Work task »
In your copy, set down the entries exactly and exclude the pictures.

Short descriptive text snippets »
------------------------------
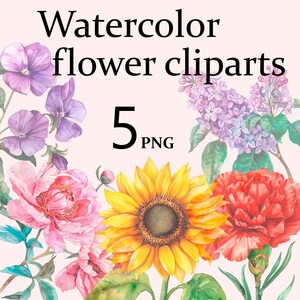 Blumen Aquarell Clipart, Pfingstrose lila rot Nelke Sonnenblume Violett, transparenter Hintergrund, ästhetischer Druck, Blumen Png, blühende Pflanze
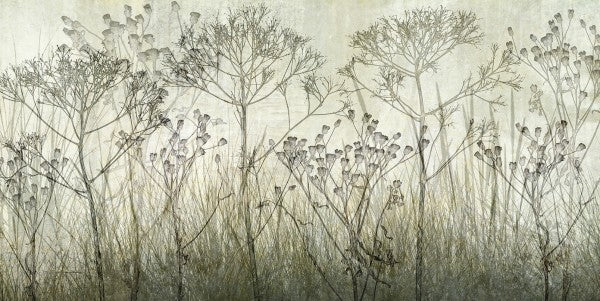 PHOTOWALL / Wildflowers Lining the Trail - Kaki (e23758)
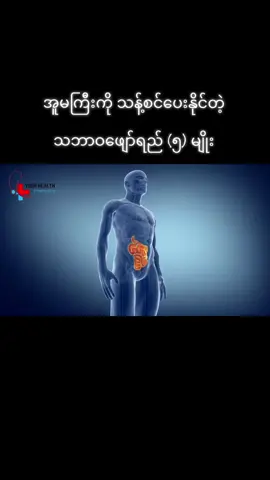 အူမကြီးကို သန့်စင်ပေးနိုင်တဲ့ သဘာဝ ဖျော်ရည် (၅) မျိုး #ကျန်းမာရေးဗဟုသုတ #healthtips #trending #fyp #အူမကြီးသန့်ရှင်းရေး 
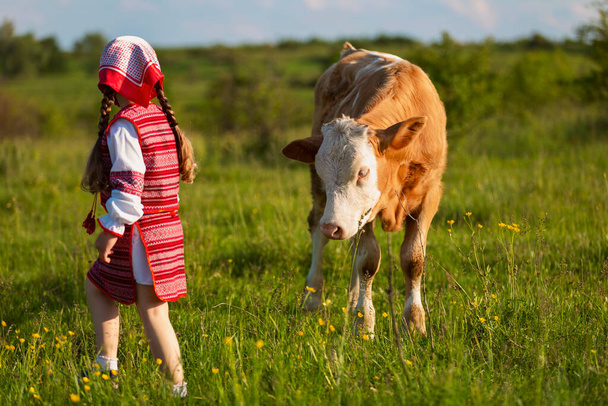 little girl tending cows - Fotografie, Obrázek
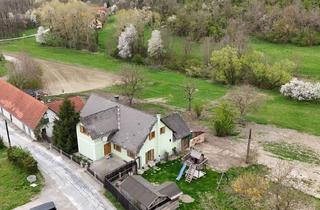 Haus kaufen in Schlossweg 4, 8472 Straß in Steiermark, Charmante Landwirtschaft mit Wohnhaus & Nebengebäuden Nahe der Südsteirischen Weinstraße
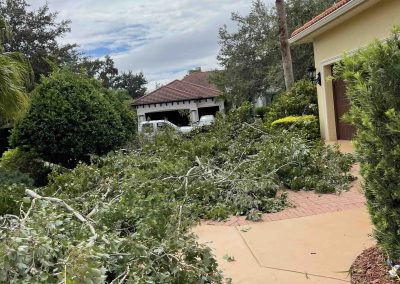 Fallen branches blocking a driveway after a storm, with a house and cloudy sky in the background.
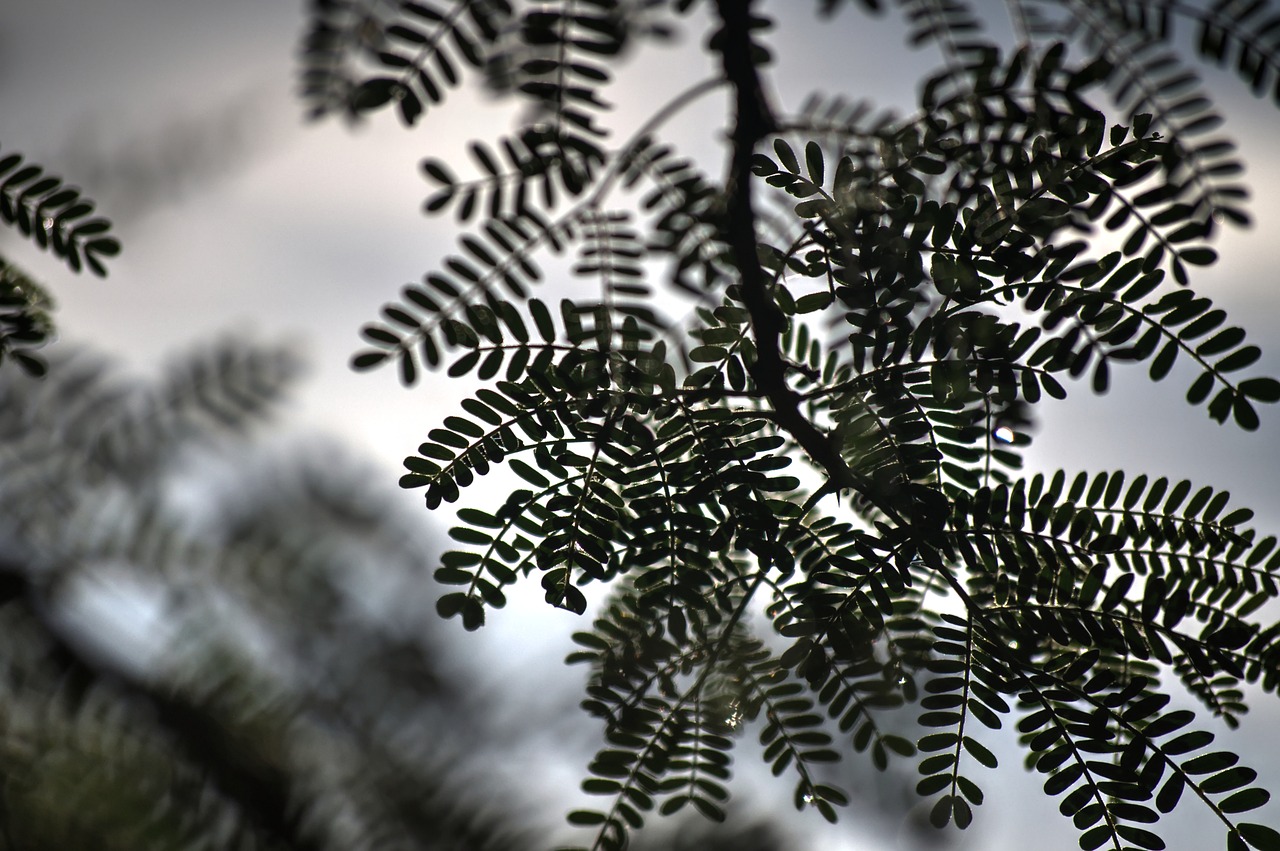 Image - thorn tree new growth summer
------------------------------
Task response »
 Blumen Aquarell Clipart, Pfingstrose lila rot Nelke Sonnenblume Violett, transparenter Hintergrund, ästhetischer Druck, Blumen Png, blühende Pflanze
 PHOTOWALL / Wildflowers Lining the Trail - Kaki (e23758)
 အူမကြီးကို သန့်စင်ပေးနိုင်တဲ့ သဘာဝ ဖျော်ရည် (၅) မျိုး #ကျန်းမာရေးဗဟုသုတ #healthtips #trending #fyp #အူမကြီးသန့်ရှင်းရေး 
 little girl tending cows - Fotografie, Obrázek
 Haus kaufen in Schlossweg 4, 8472 Straß in Steiermark, Charmante Landwirtschaft mit Wohnhaus & Nebengebäuden Nahe der Südsteirischen Weinstraße
 Fallen branches blocking a driveway after a storm, with a house and cloudy sky in the background.
 Image - thorn tree new growth summer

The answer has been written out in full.